原発事故は二度と起きないと断言できるか?

 木村昭二氏が2009年5月、ゆかしメディアで「カントリーリスクといえば、一般的には、政治的に不安定であるとか、マクロ経済の面で脆弱であるといったことがまずイメージされると思います。日本は平和ボケしていますが、北朝鮮リスクを負っていることは間違いないと思います。また、日本には大震災のリスクがあります。そのようなリスクのある国に資産や事業など全てのものを置いておくことが果たして得策なのでしょうか?」とコメントしていた。

 税金や安全に対する基本的な考え方はそのままだというが、その約2年後に東日本大震災が発生し「その後の大津波、原発事故までは私も全く想定していませんでした。私のリスクに対する考えが甘かったのかもしれません」という考え方から、新しい著書「終身旅行者PT」を執筆するきっかけになったという。

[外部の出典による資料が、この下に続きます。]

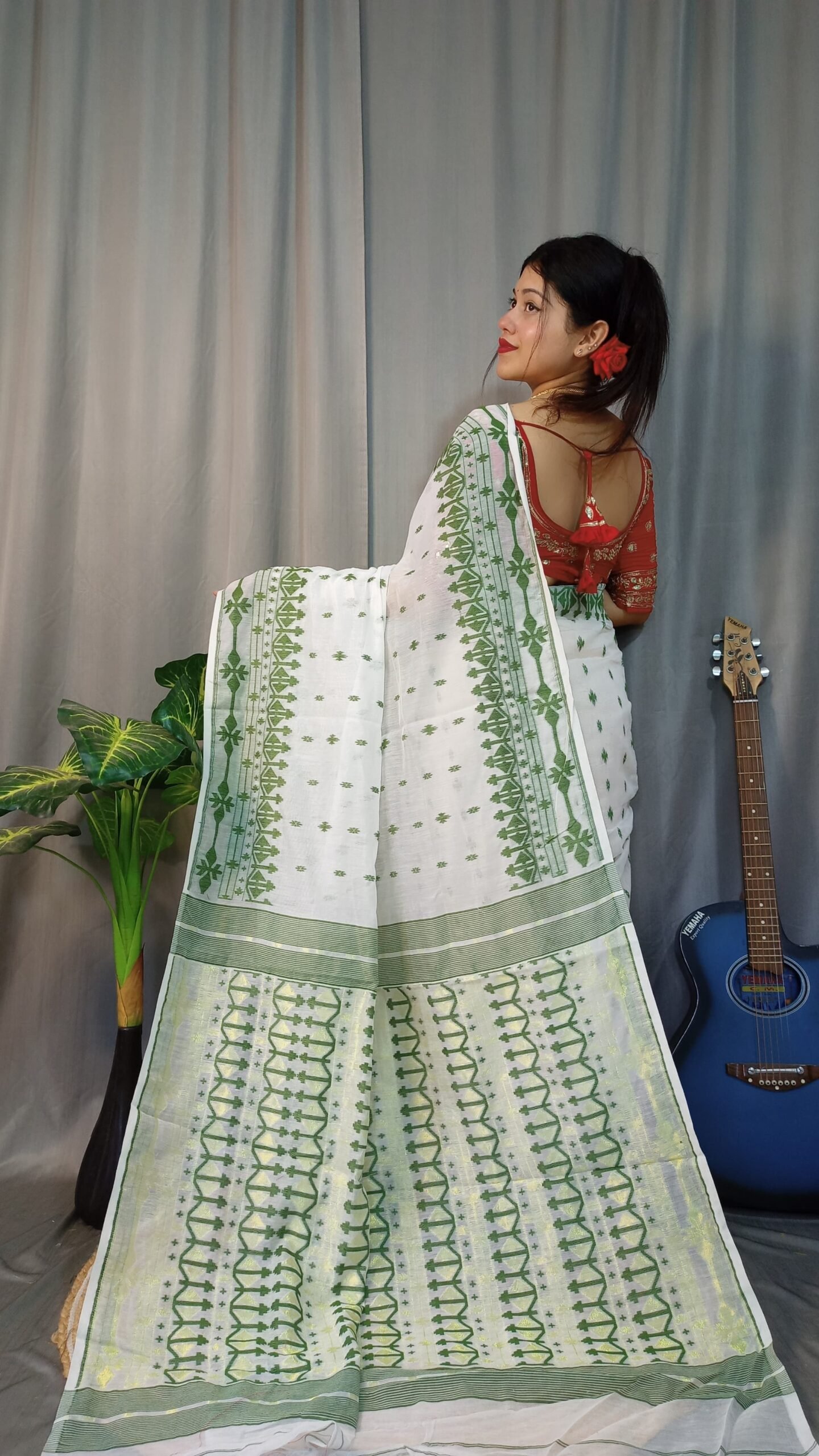 Tarongonila Soft  White Pasta Jamdani Saree - Image 2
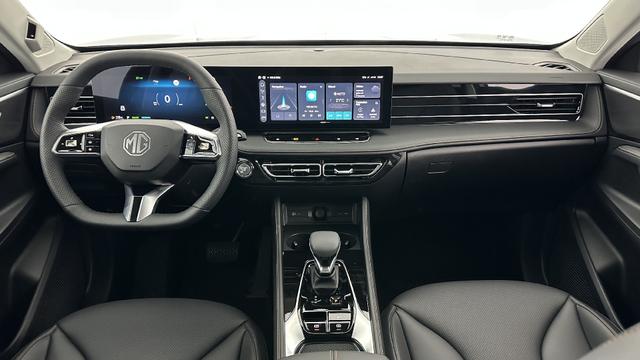 MG EHS Luxury 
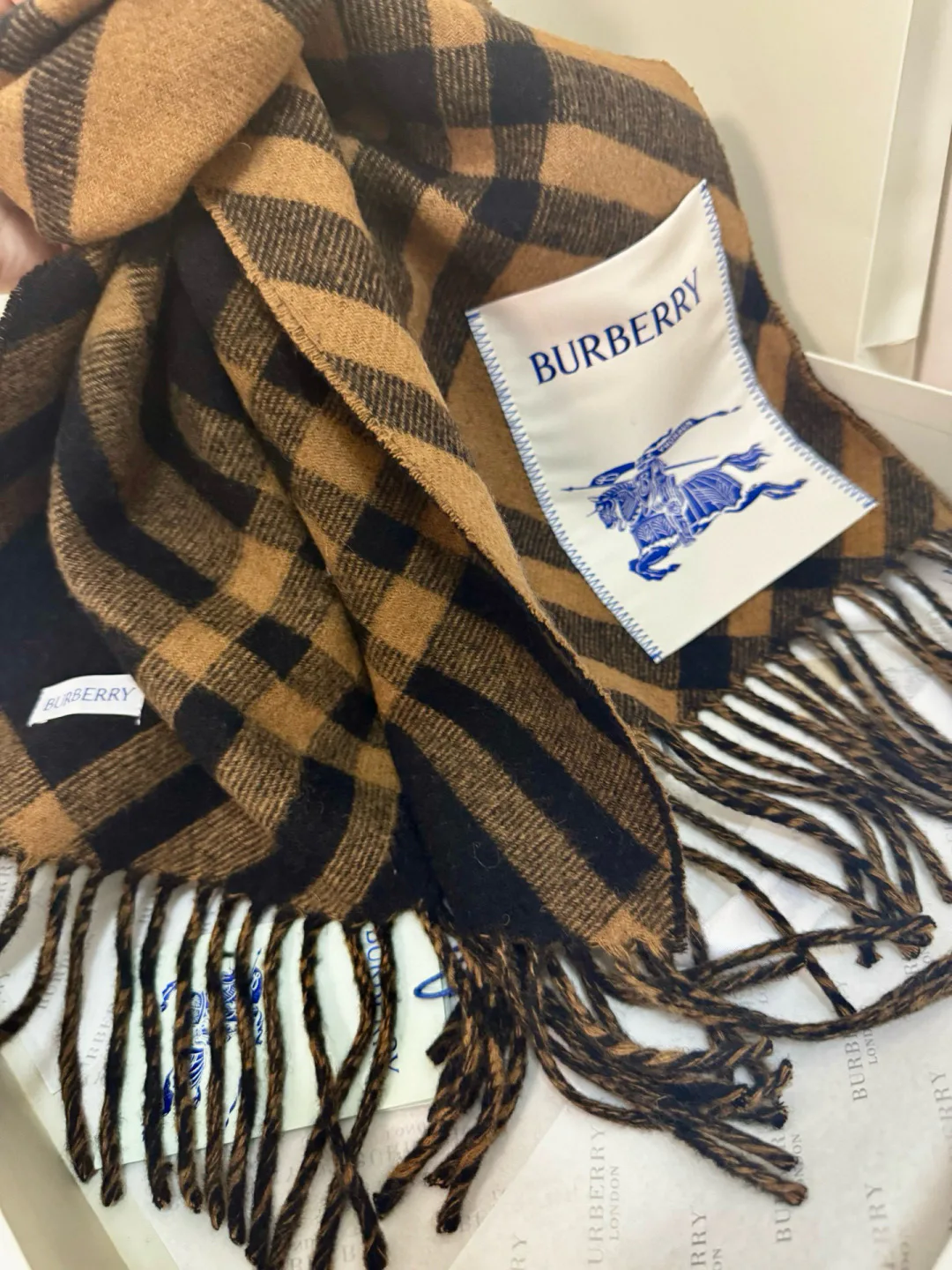 Шарфы Burberry 752634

 「自然災害リスクを織り込む範囲ですが、いつ来るか分からない災害に過度に備えることも非効率でしょう。しかし、日本の場合は自然災害リスクの中でも地震、津波、原発リスクについては被害想定が大きいものですから極力対処しておく必要があるでしょう」

 世界の原子炉の12%にあたる54基が、狭い日本の国土に集中しているなど、日本は災害リスクが凝縮された国家であることを再認識する必要はある。二度と原発事故は発生しない、と言い切ることができるだろうか。

 そうなれば、命はもちろんのことだが、日本国内だけで資産を持っていれば価値の棄損も大きい。不動産、国内株式、債券など日本から資金は流れていくことになるだろう。そうした意味でも、資産の分散も必要となる。